Mein Gott, Gahan


Vom Profan-Pop zur Techno-Messe: Mit der „Devotional"-Tour begeben sich Depeche Mode endgültig auf Sinnsuche

Eine Nobelherberge im Herzen Brüssels. Goldene Portiere, livrierte Diener, Marmor und Glas. Dicke Teppiche dämpfen den Schritt. Hier ist der Gast noch König. So auch Depeche Mode, die sich an diesem hochsommerheißen Maitag im Hotel Conrad an der Avenue Louise angekündigt haben.

Man sieht’s bereits, wenn man vorfährt: Autogrammjäger und Fans in verräterischem Outfit lungern vor dem Eingang herum. Cool, wie es sich für echte Depeche Mode-Jünger gehört, und doch in ständiger Alarmbereitschaft. Denn der Zerberus an der Tür macht schon wieder Anstalten, sie zu verscheuchen.

Depeche Modes „Devotional“-Welttournee, die Mitte Mai im französischen Lille mit zwei Warm up-Gigs startete, dann in Zürich Premiere hatte, ist inzwischen in Brüssel angelangt. Der dritte Tag also. Zwei Shows im „Forest National“, einer akustisch deprimierenden Spielstätte, die alles andere als „devotional“ („andächtig“) ist und an diesem Abend bis unter die Decke ausverkauft ist.

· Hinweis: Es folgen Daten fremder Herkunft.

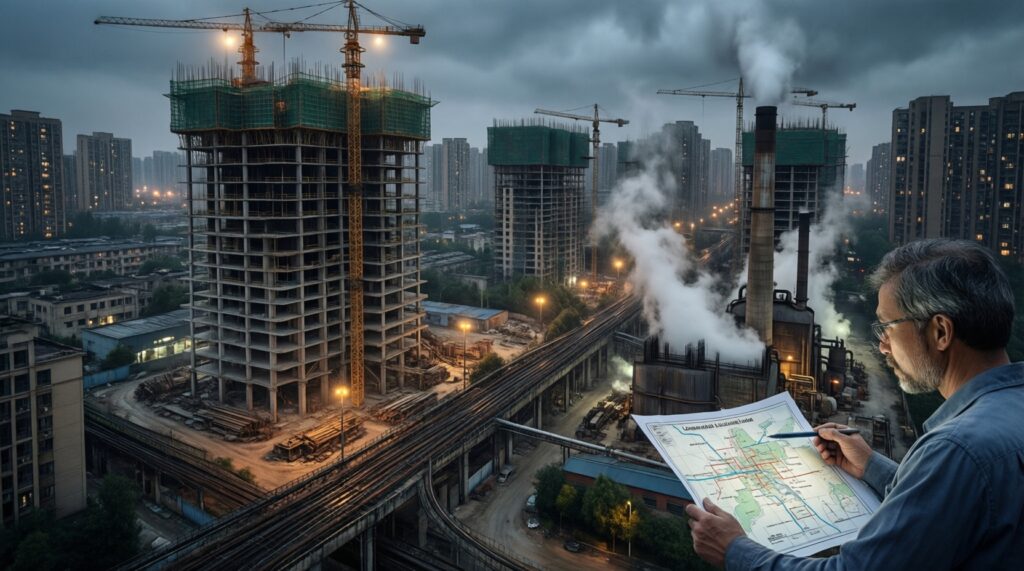 Россия и мир: как глобальные тренды меняют привычную жизнь в регионах - иллюстрация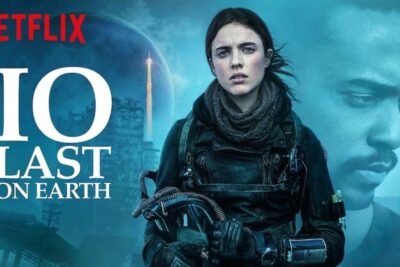 IO (2019), tráiler la nueva película de Netflix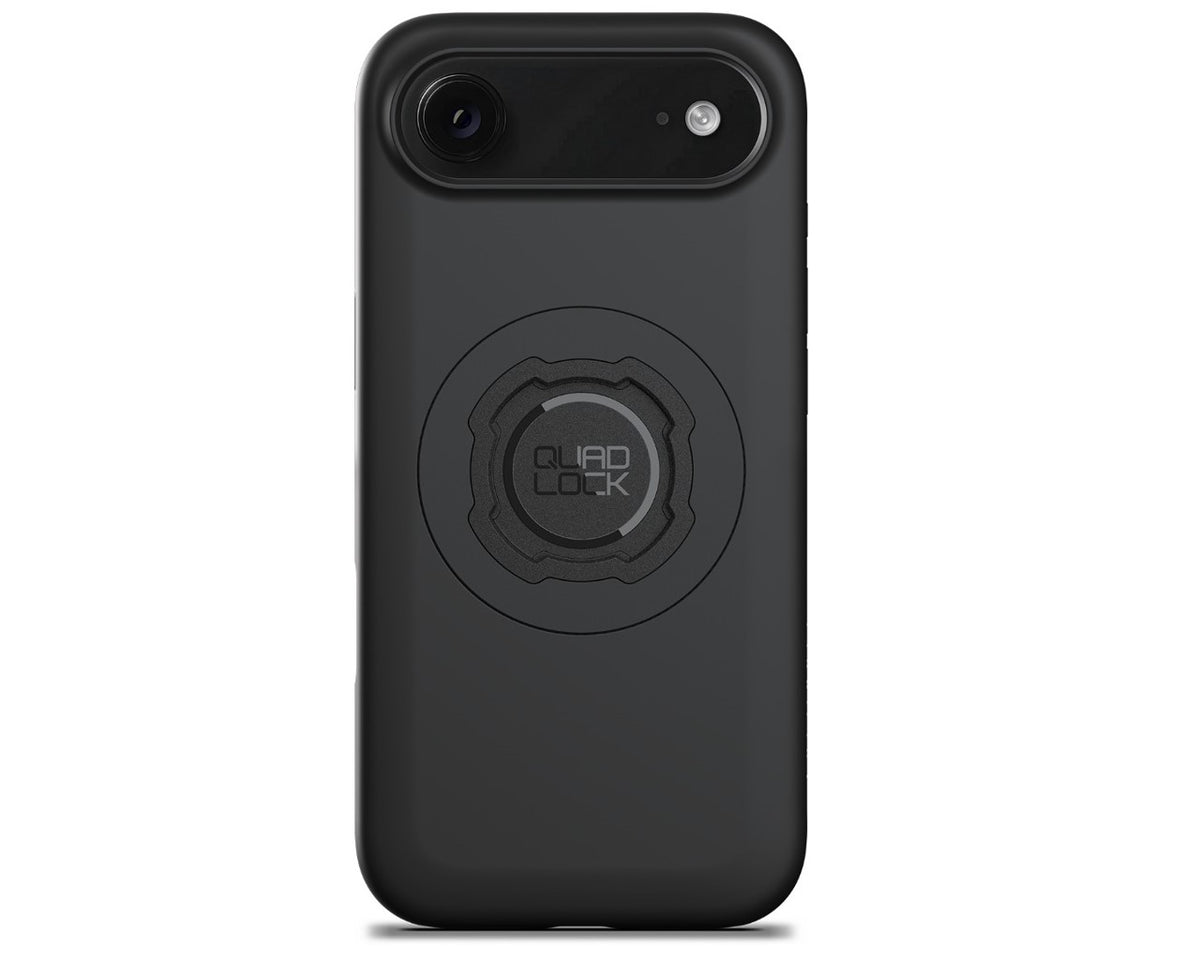 Quad Lock Mag Case for iPhone Google Samsung Black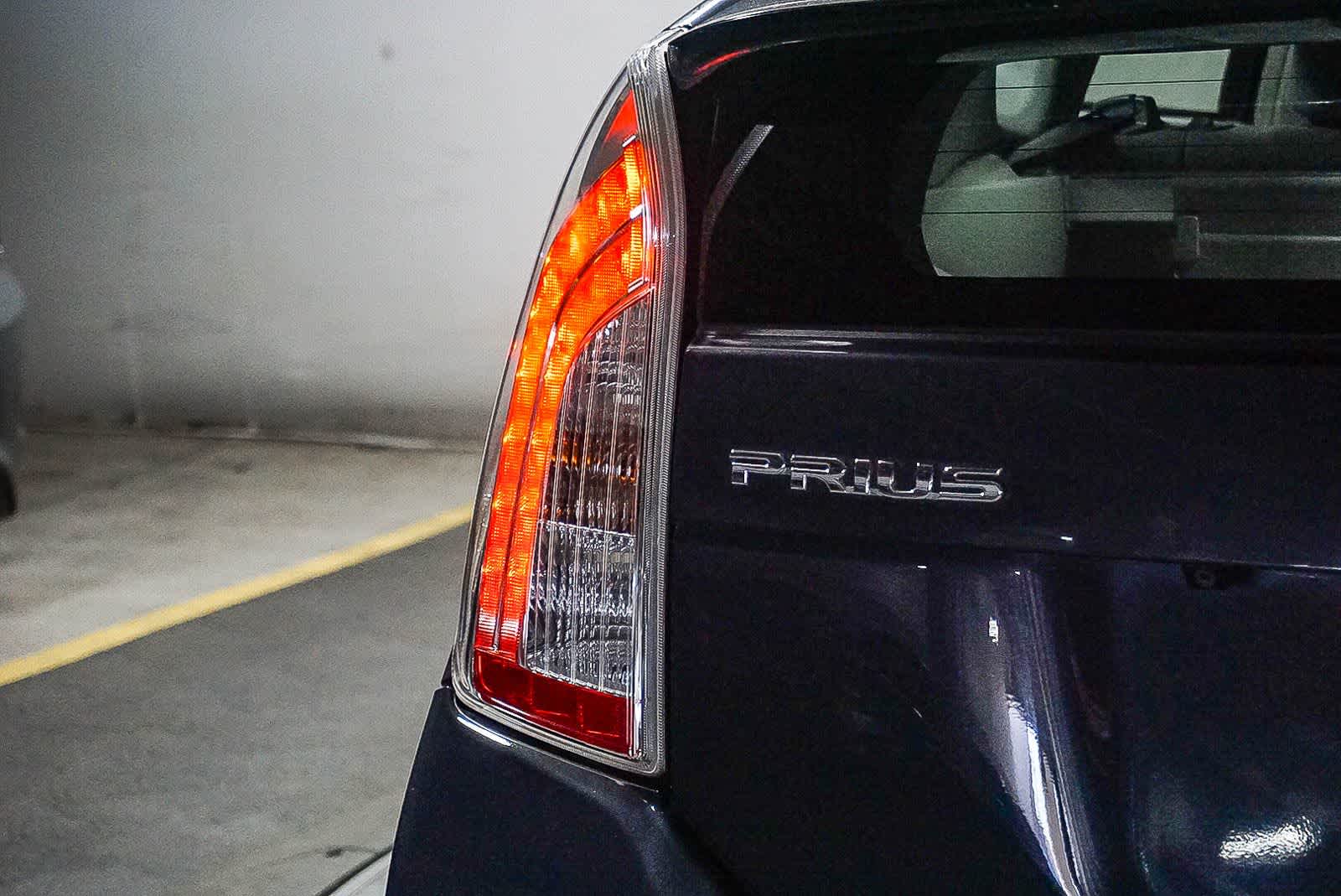 2013 Toyota Prius Three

Hinter der Bühne ein Bild trügerischer Gelassenheit. Die Tournee, die bis ins nächste Jahr hineinreicht und allein in Europa 41 Konzerte umfaßt, ist noch jung. Nichts ist eingespielt, jeder Handgriff ein Abenteuer. Nur Andy Flechter, der sich nach dem Soundcheck in der Lounge, dem Aufenthaltsraum der Künstler, zu einem Interview einfindet, spricht von Routine. „Es ist schon seltsam: Wir haben seit gut zweieinhalb Jahren kein Konzert mehr gegeben, aber kaum hat man das erste hinter sich, kommt es einem vor, als hätte man überhaupt nie aufgehört. Da ist es wieder: das alte Gefühl, die altbekannte Routine.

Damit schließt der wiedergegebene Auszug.